‘Girl A,’ she said. ‘The girl who escaped. If anyone was going to make it, it was going to be you.’
[ About the Book ]
Lex Gracie doesn’t want to think about her family. She doesn’t want to think about growing up in her parents’ House of Horrors. And she doesn’t want to think about her identity as Girl A: the girl who escaped.
When her mother dies in prison and leaves Lex and her siblings the family home, she can’t run from her past any longer. Together with her sister, Evie, Lex intends to turn the House of Horrors into a force for good.
But first she must come to terms with her six siblings – and with the childhood they shared.
[ My Review ]
Girl A by Abigail Dean will be published with Harper Collins on January 21st and is being described as ‘the book that will define a decade. Beautifully written and incredibly powerful…a story of redemption, of horror, and of love.’ Girl A is a book that comes with great expectations, with the literary community very much enamoured by it….

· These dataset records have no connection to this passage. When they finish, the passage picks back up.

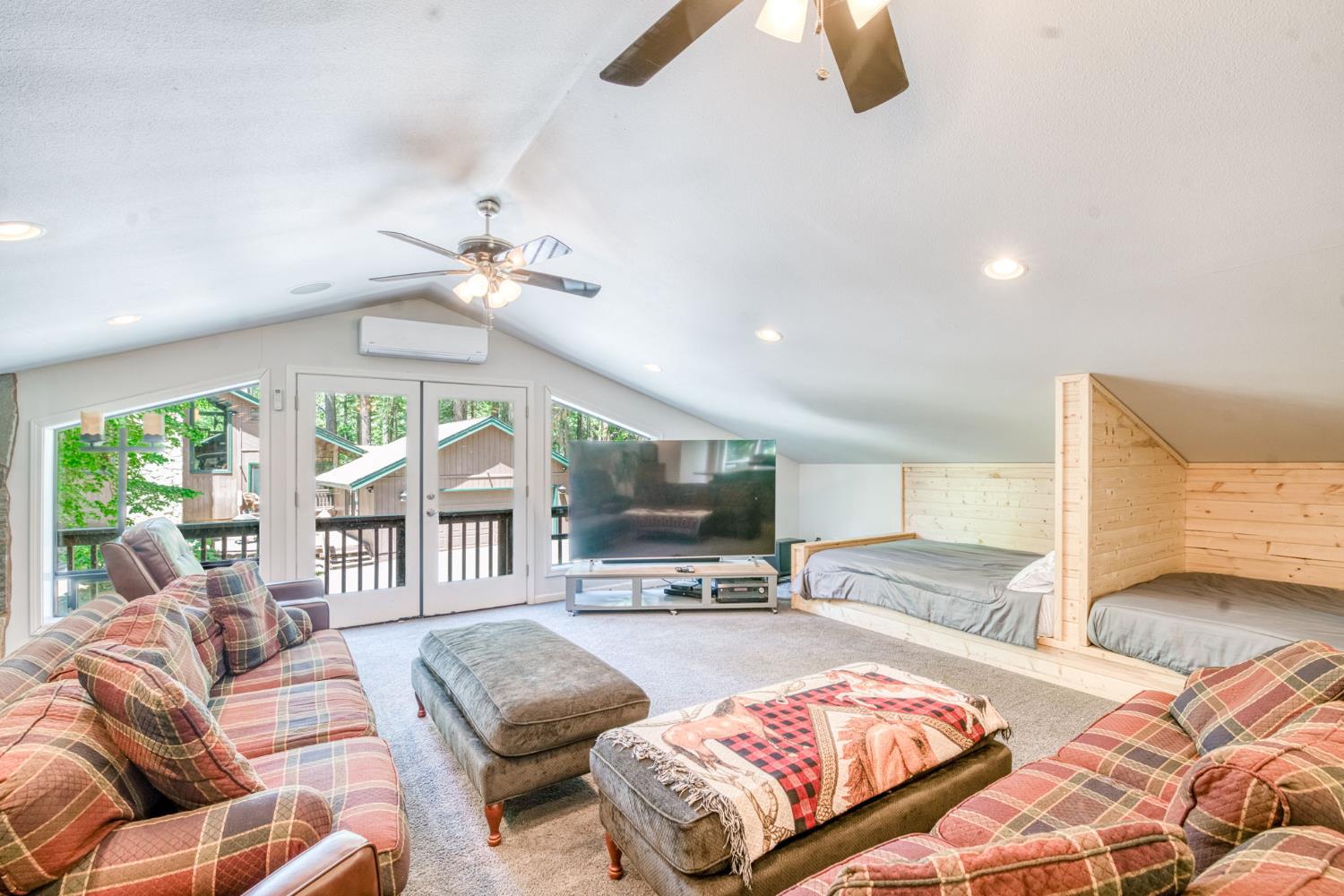 39145 Checkerbloom Lane Shaver Lake, CA 93664 - Photo 30 of 58 a living room with furniture ceiling fan and a large window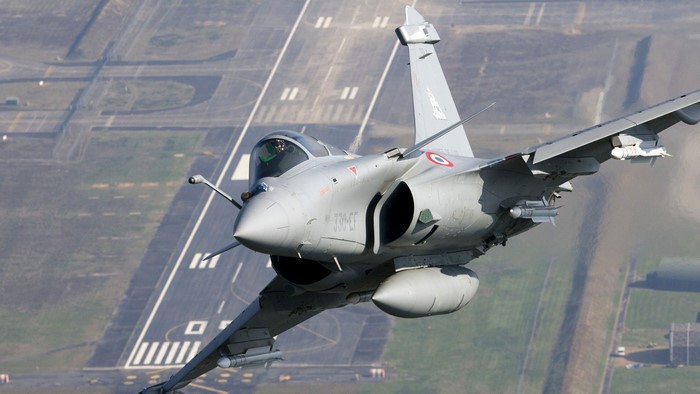 Dassault Rafale military aircraft flying over runway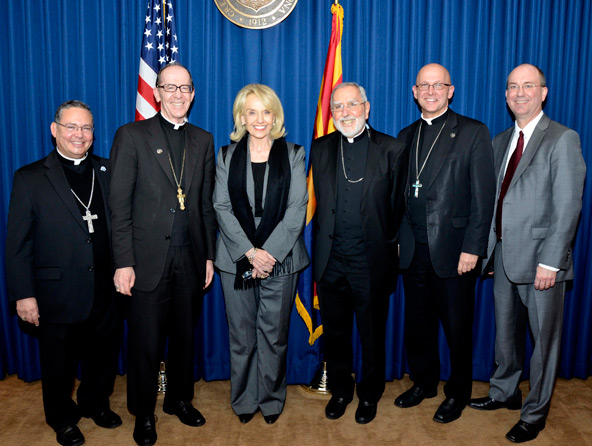 Gov. Brewer’s plan to expand Medicaid coverage for the poor was celebrated by the bishops of the Arizona Catholic Conference. From left: Auxiliary Bishop Eduardo A. Nevares and Bishop Thomas J. Olmsted of Phoenix, Gov. Jan Brewer, Bishop Gerald F. Kicanas of Tucson, Bishop James S. Wall of Gallup and Ron Johnson executive director of the Arizona Catholic Conference. 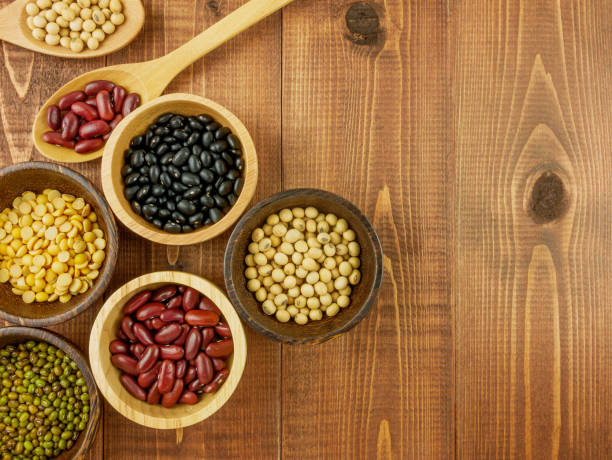 Flat lay,top view assorted beans including red bean,soybeans,black beans,mung beans on brown,beige wooden background with copy space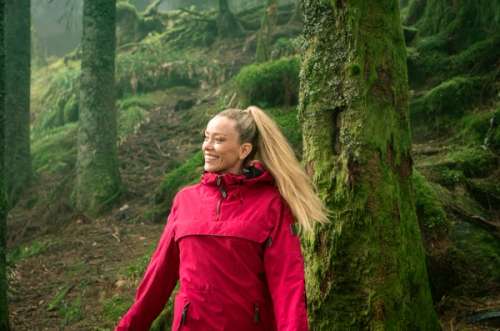 Woman in a red jacket out walking in the woods.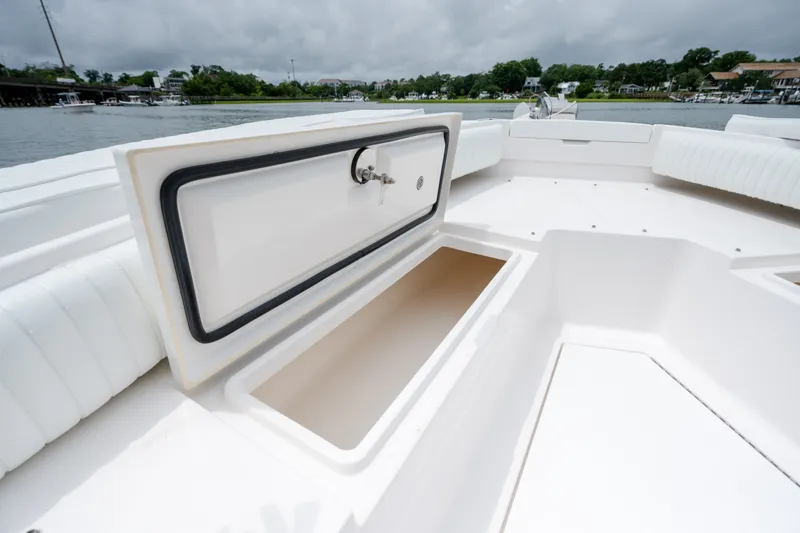 Slide: The Image of 2008 Regulator 29 Forward Seating boat with open storage compartment on deck. - 37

‘Incendiary, beautifully written debut’ Guardian
‘Psychologically astute, adroitly organised, written with flair’ Sunday Times
‘An astonishing achievement.’ JESSIE BURTON
‘Gripping, beautifully written perfection.’ SOPHIE HANNAH
‘A masterpiece.’ LOUISE O’NEILL
‘Fantastic.’ PAULA HAWKINS
Alexandra ‘Lex’ Gracie, or Girl A, as the world now knows her, had a childhood that reclines in the deep recessive place of most of our minds, the place where the nightmares come from. A child should feel safe, loved, cherished and encouraged by it’s parents but, for Lex Gracie and her siblings, their house was never a home. It was a House of Horrors, a place where their childhood was swept away from them and love was something never experienced. Lex’s parents were, once upon a time, just a suburban couple with dreams and ambitions but, as time passed, something happened, a switch clicked and her father became obsessive about his religious beliefs. The family moved house and eventually the siblings were pulled from school as their father explained that home-schooling was the best option. Their mother was a woman beset with issues. Her mental wellbeing seriously affected by multiple childbirths, a madman for a husband and a slow decline into poverty. Over those early years this creeping slip into a dark and disturbing world was gradual enough that the children were not quite able to comprehend what was happening but, as they developed in mind, body and spirit, those that were old enough came to realise that this was not normal. This was not how a child was supposed to be cared for. The level of cruelty, starvation, deprivation was turning them all into skeletons of their former selves, weak, unloved, unwashed, forgotten.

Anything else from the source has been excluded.